Bias-Add & Quant/Dequant Helpers

All addresses on this page apply to libtpu.so from the libtpu-0.0.40-cp314 wheel (build-id 89edbbe81c5b328a958fe628a9f2207d, 781,691,048 bytes, not stripped). .text and .rodata VMAs equal their file offsets; .data.rel.ro VMA minus 0x200000 equals its file offset. Other libtpu builds will differ.

Abstract

These are the numerics helpers that bracket the systolic-array matmul/conv on the TensorCore — the layer between the raw int32/f32 accumulator coming out of the MXU and the value finally stored. Concretely: the bias-add, the activation clamp, and the quantize/dequantize sequences (scale application, narrow-float and integer converts, the saturating clamp that closes the round-trip). A reimplementer hunting for an EmitBias or a QuantizeOp will not find one, and that absence is the first finding.

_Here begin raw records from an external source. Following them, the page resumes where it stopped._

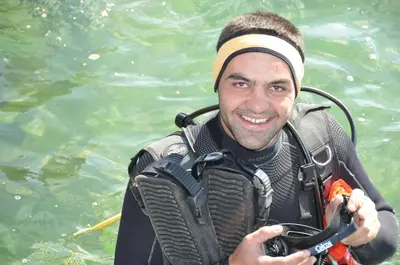 a man in the water holding a camera at Red Sea Dive Center in Aqaba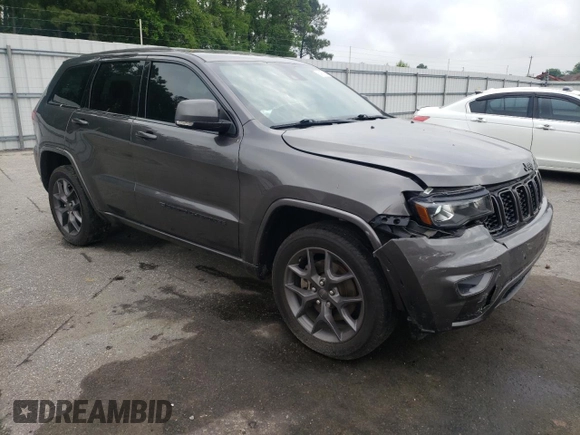 2021 Jeep Grand Cherokee 80th Anniversary z VIN 1C4RJEBG7MC679667, wystawiony jako Copart lot #54167225 z przebiegiem 77 268 mil mil oraz Szkoda całkowita • Salvage title. Historia ofert i sprzedaży dostępna na DreamBid. Obrazek 4.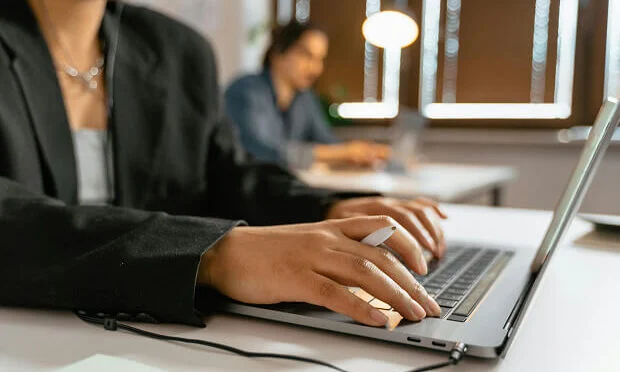 business woman typing on laptop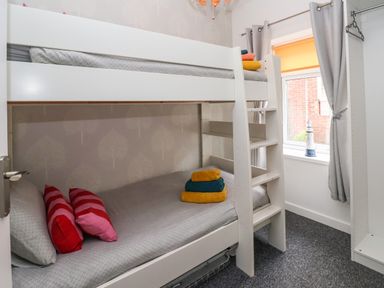 A small bedroom with white bunk beds, folded towels on the beds, a window with gray curtains, and an open wardrobe at The Old Police House in Withernsea
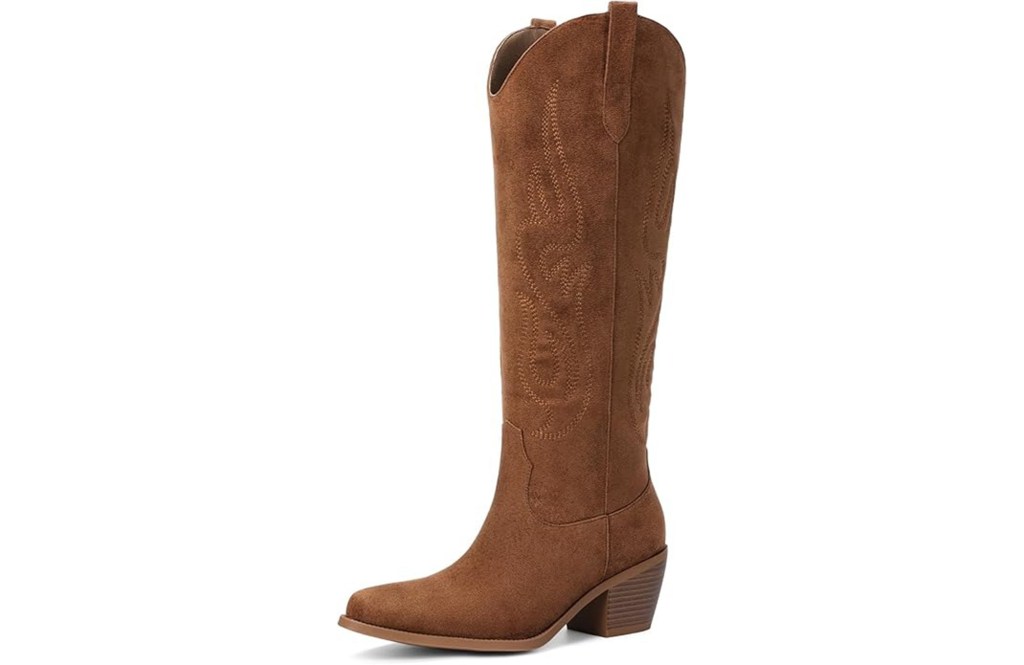 Brown cowboy boot with intricate stitching.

There is no dedicated bias op. A "matmul + bias" HLO is an output fusion whose root is the conv and whose body is an ordinary elementwise add(conv, broadcast(bias)), emitted by the generic fusion vectorizer per output chunk inside MatrixMultiplyAccumulateFunctor::DoOutputFusion. The bias is broadcast to the tile shape (HandleBroadcast), added in f32 (HandleAdd → VaddF32), the activation runs (HandleMaximum/HandleClamp), and the result is requantized (HandleConvert) and stored. The accumulator dtype is dtype-keyed: int8 matmuls accumulate in int32 (VaddS32) and are dequantized to f32 before the float epilogue; bf16/fp32 matmuls accumulate in f32 (VaddF32), with two dedicated mixed-precision adds (0x11e/0x11f) folding bf16 high/low passes into the f32 accumulator.

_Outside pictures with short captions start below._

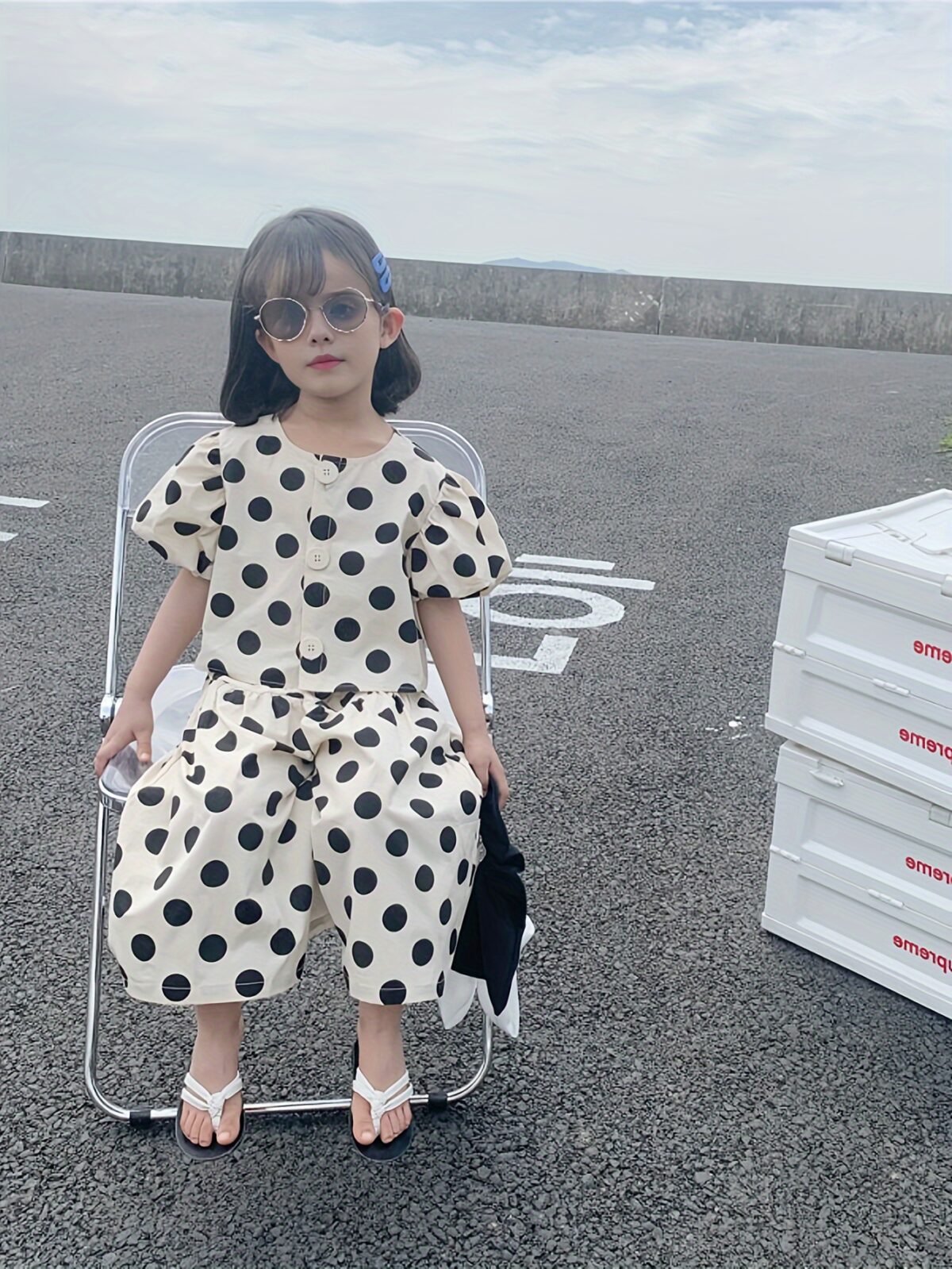 Adorable girls polka dot suit perfect for summer made from 100 soft cotton The suit features a mention specific details like sleeveless top and shorts or skirt design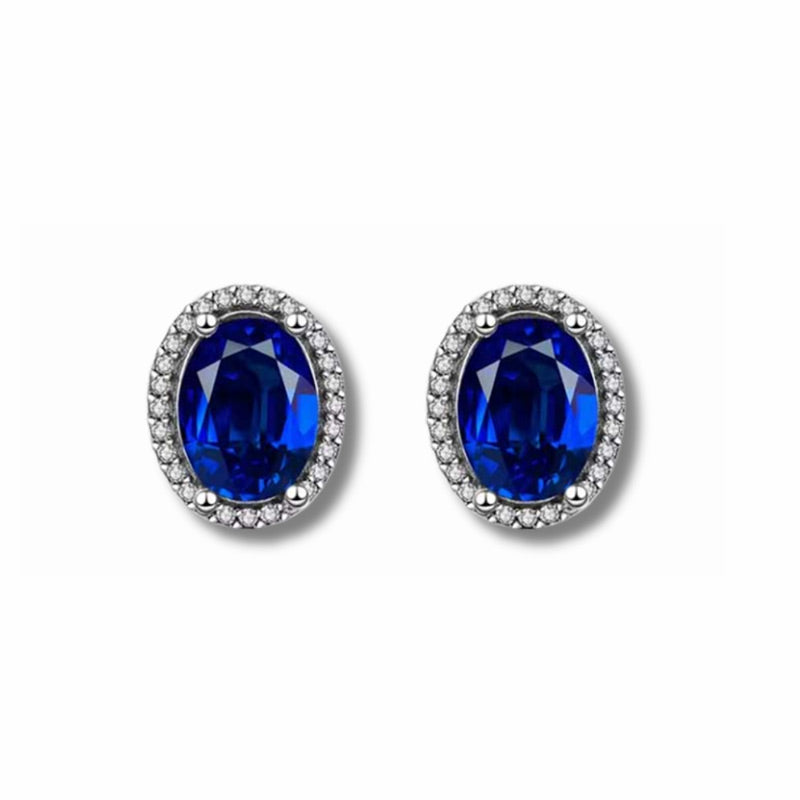 Aretes Aurora de Plata 925 con circonia ovalada azul y halo de circonias brillantes.
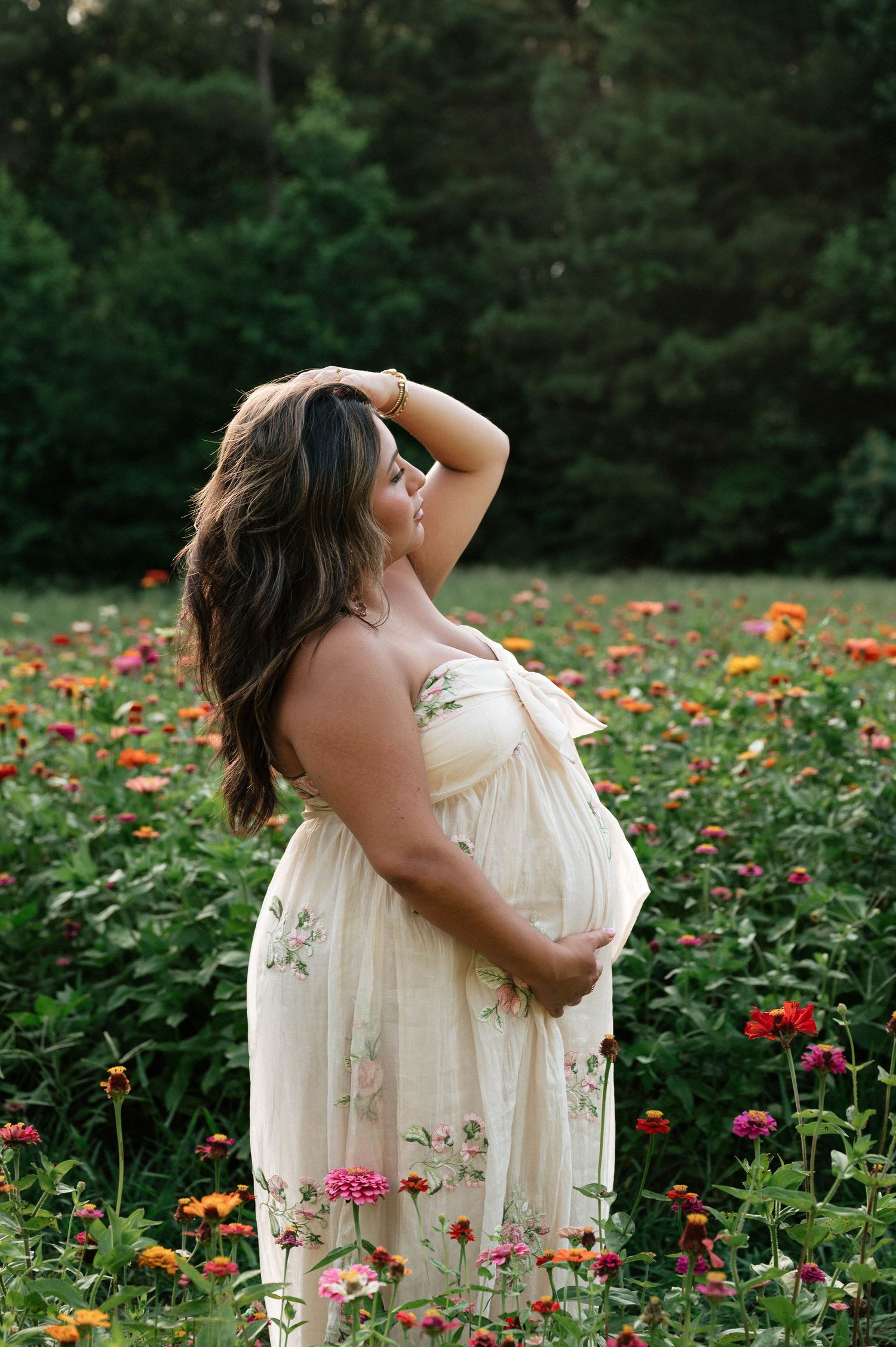 Pregnant woman in floral cream dress cradling baby bump in colorful zinnia flower field.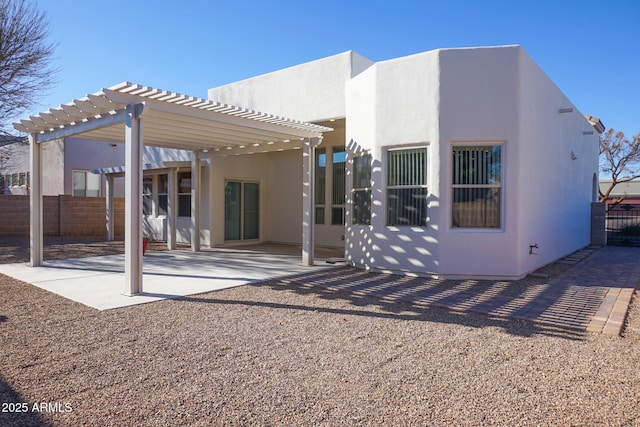 back of property with stucco siding, fence, a pergola, and a patio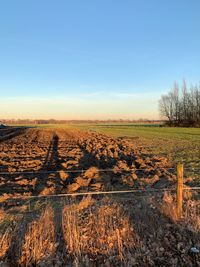 Scenic view of landscape against clear blue sky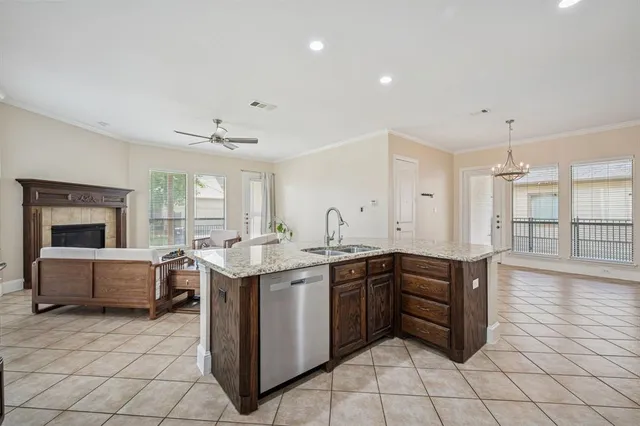 a kitchen with stainless steel appliances granite countertop a sink and cabinets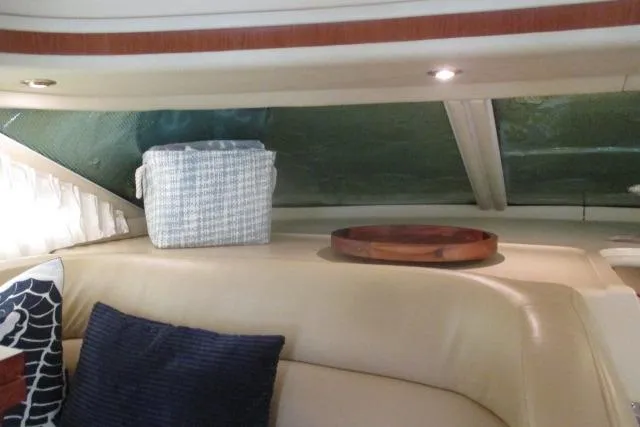 Pho-king-gross Yacht Photos Pics Interior of 2002 Sea Ray 400 Sedan Bridge with cushions and decor.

The quant/dequant leaves are single LLO vector ops built by LloRegionBuilder::Vcvt*/Vpack*/Vunpack*. Round-to-nearest narrow-float quantize goes through the EXMY converts (0x6e/0x6f) or the bf16→fp8 packs; stochastic rounding goes through four VcvtSrF32To* binops (0x70-0x73) whose second operand is the per-lane random dither; int8 quantize is round → VclampSymmetric → VpackcB8. On the device fast path, quantization is symmetric (zero-point implicitly 0); the asymmetric / zero-point model lives only in the host-side MLIR quant dialect. The cleanest in-binary reference implementation of symmetric absmax 8-bit quantization is the collective pincer_utils family, which is documented here op-by-op.

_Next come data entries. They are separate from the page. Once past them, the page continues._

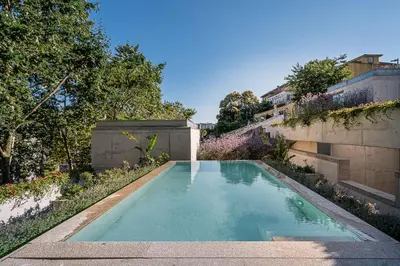 a swimming pool in the yard of a house at GuestReady - DPV Residences in Porto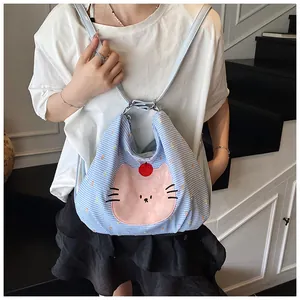Detail of light blue checkered tote bag with a pink cartoon cat patch and shoulder strap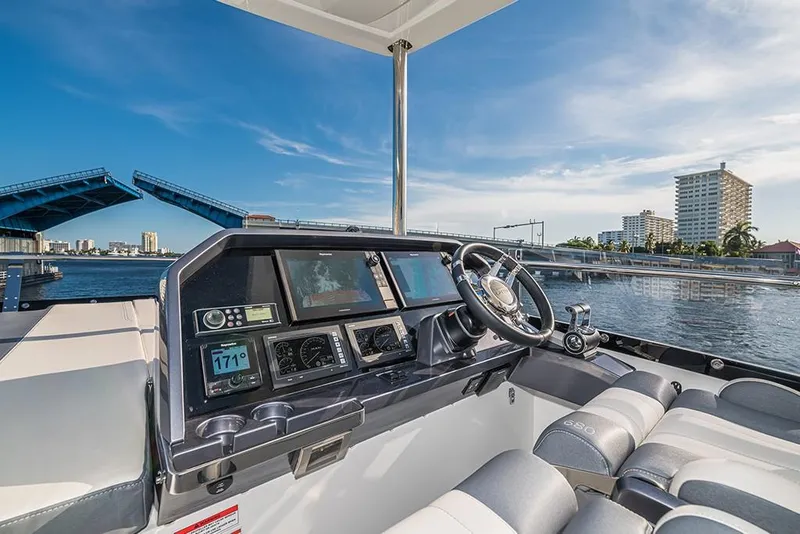 Slide: The Image of Cockpit view of 2023 Galeon 680 Fly yacht with bridge and cityscape in background. - 28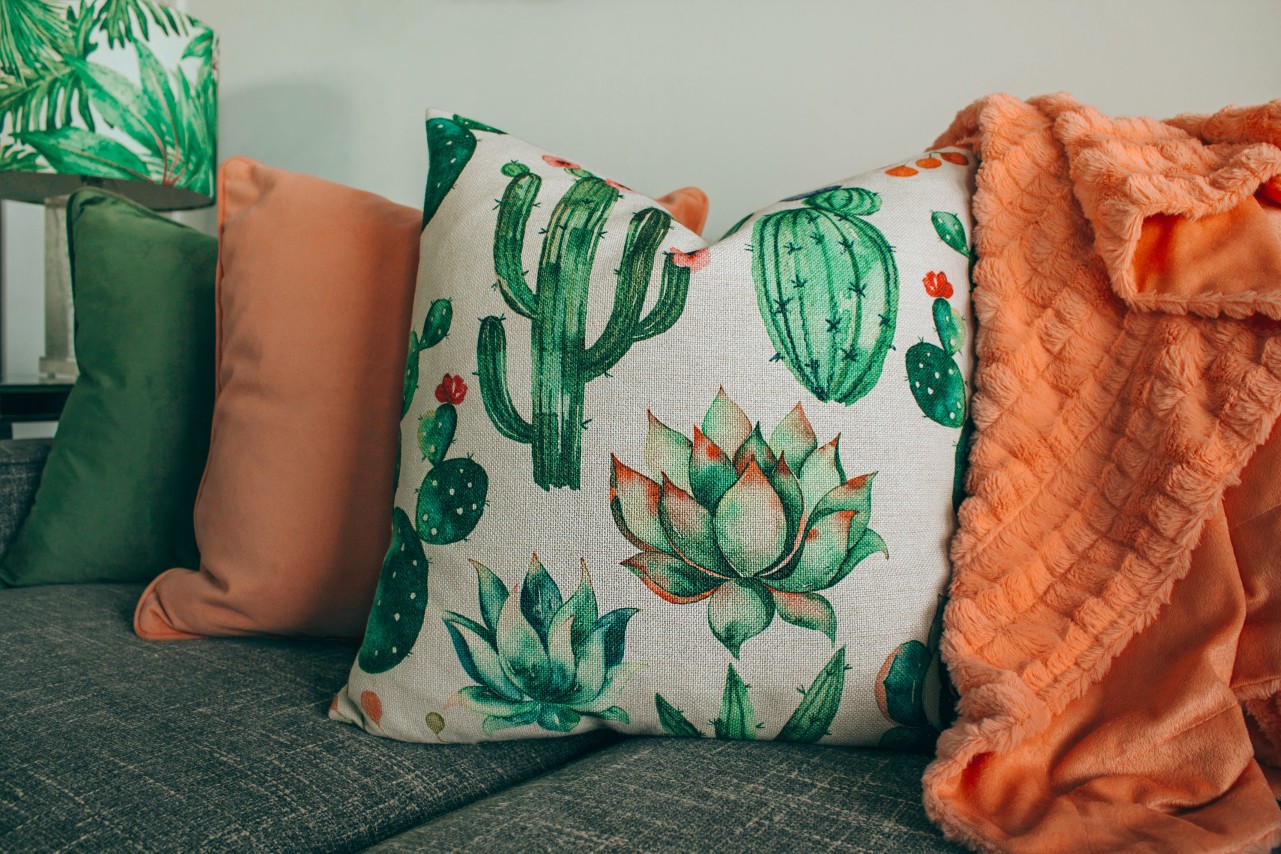 Orange throw and patterned scatter cushions on a sofa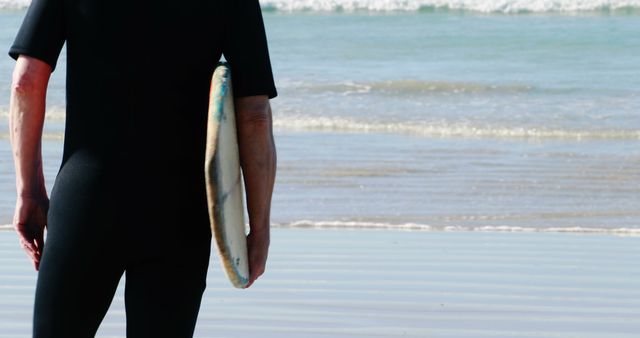 Surfer Standing with Board Looking at Waves at Beach - Download Free Stock Images Pikwizard.com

For reimplementation, the contract is:

Bias-add is fusion, not an op: the AccumulateOutputChunk → DoOutputFusion spine and the VectorizingEmitter Handle* dispatch (HandleBroadcast = bias splat, HandleAdd = bias add).
The accumulator dtype split: int32 VaddS32 (int8 matmul) vs f32 VaddF32 (bf16/fp32), plus the bf16-in-f32 mixed adds 0x11e/0x11f.
The convert leaves: EXMY narrow-float (0x6e/0x6f), the four stochastic-round binops (0x70-0x73), VcvtF32ToS32 round-direction, and the lane pack/unpack helpers.
The saturate layer: VclampSymmetric* (native + min/max fallback 0x15f) vs VclampAsymmetric* (binop 0x4c + min/max), and VclampGez* (ReLU).
The symmetric absmax quantizer (pincer_utils): absmax → scale (qmax/absmax) → quantize → 8-bit wire → f32 requant-reduce → dequant, with the three per-dtype max constants.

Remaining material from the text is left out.